• _Exercise directions_: Lines from the one containing "Koronavirusa qarşı mübarizə" through the final line of the data, restated word for word and free of pictures, make up the whole answer.

• _Records for this exercise_:

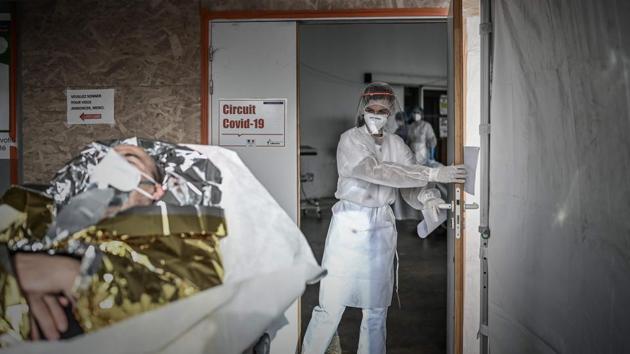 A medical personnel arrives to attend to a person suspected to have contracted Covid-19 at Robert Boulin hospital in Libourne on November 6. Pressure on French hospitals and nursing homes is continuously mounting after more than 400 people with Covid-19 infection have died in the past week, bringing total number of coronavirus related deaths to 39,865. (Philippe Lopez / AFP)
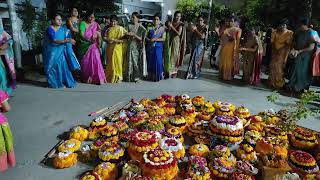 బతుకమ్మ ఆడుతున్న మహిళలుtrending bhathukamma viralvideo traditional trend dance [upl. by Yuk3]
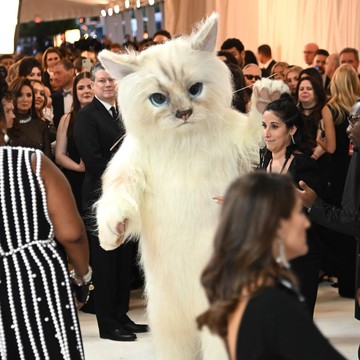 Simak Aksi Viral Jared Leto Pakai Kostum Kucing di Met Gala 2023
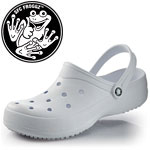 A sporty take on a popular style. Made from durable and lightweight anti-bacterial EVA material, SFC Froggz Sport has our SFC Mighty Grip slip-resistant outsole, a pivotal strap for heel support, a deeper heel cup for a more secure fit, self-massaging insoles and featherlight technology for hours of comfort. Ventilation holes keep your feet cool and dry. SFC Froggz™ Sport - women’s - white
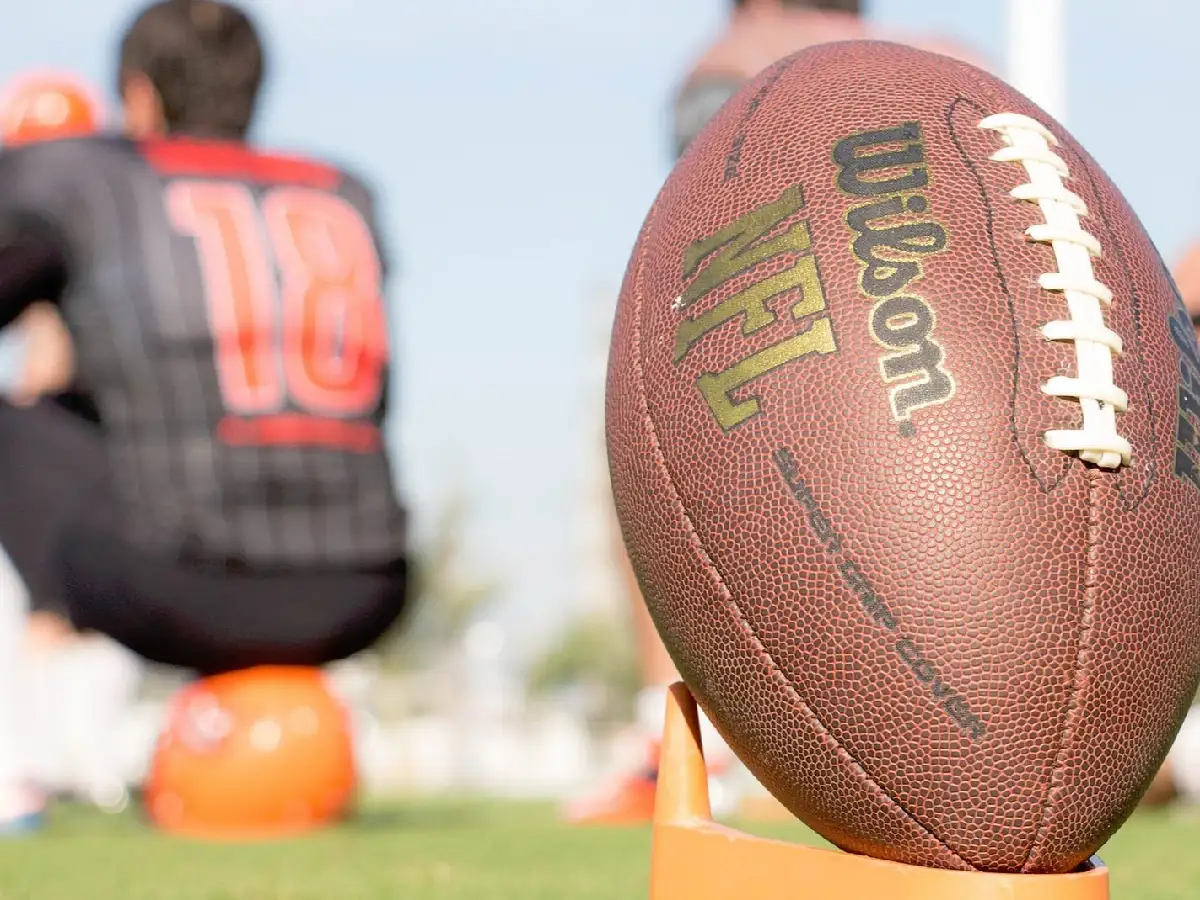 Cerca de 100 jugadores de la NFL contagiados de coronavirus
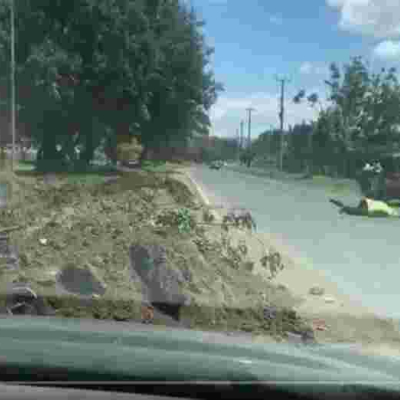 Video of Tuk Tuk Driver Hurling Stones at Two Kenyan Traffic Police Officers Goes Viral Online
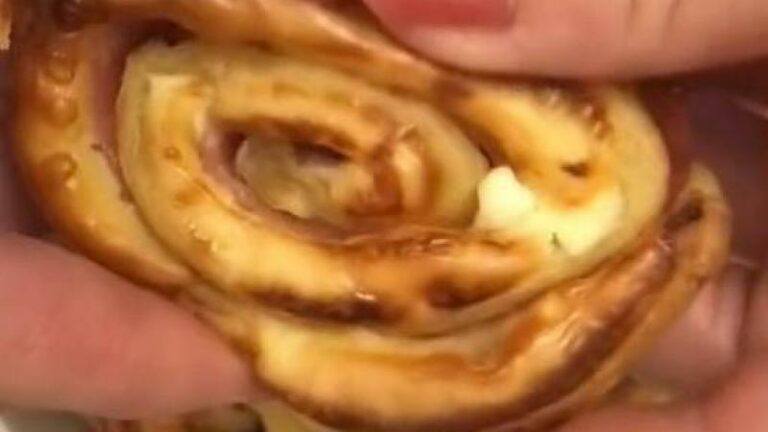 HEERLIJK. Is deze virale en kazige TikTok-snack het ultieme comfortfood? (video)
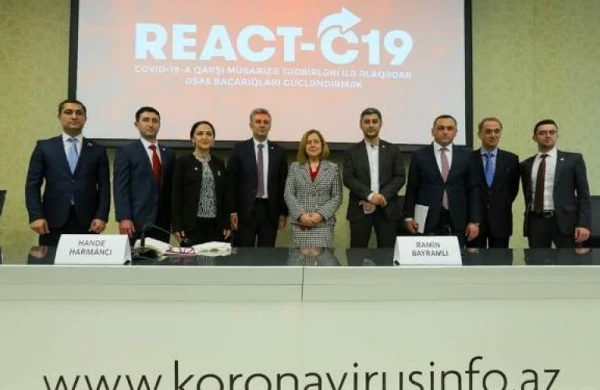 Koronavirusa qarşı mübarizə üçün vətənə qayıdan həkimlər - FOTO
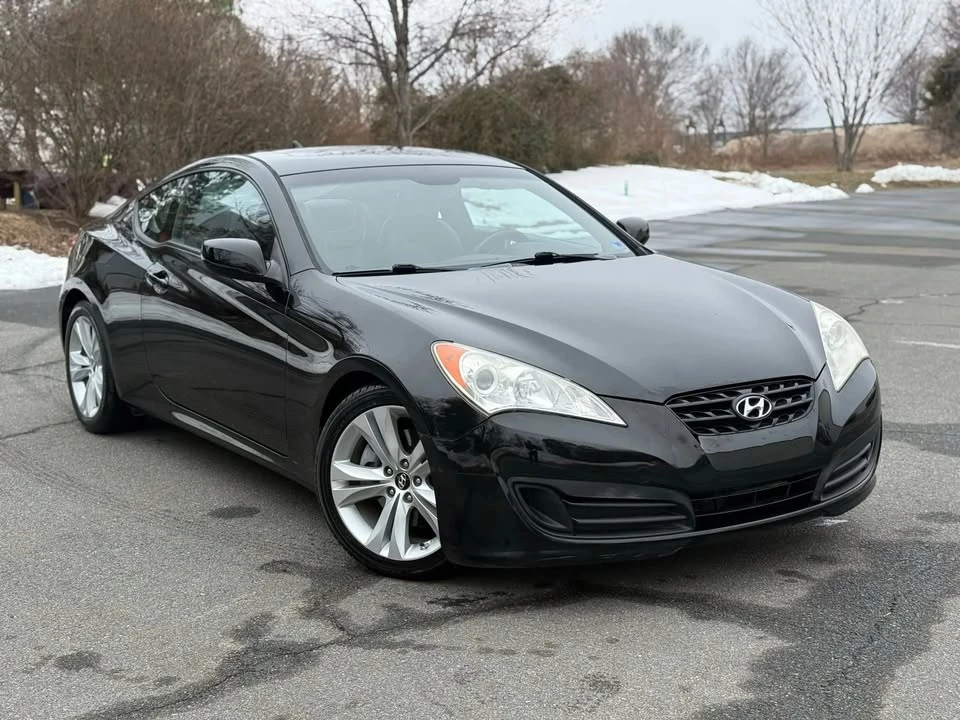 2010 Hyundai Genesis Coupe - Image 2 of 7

• _Completed task_:
 Koronavirusa qarşı mübarizə üçün vətənə qayıdan həkimlər - FOTO
 2010 Hyundai Genesis Coupe - Image 2 of 7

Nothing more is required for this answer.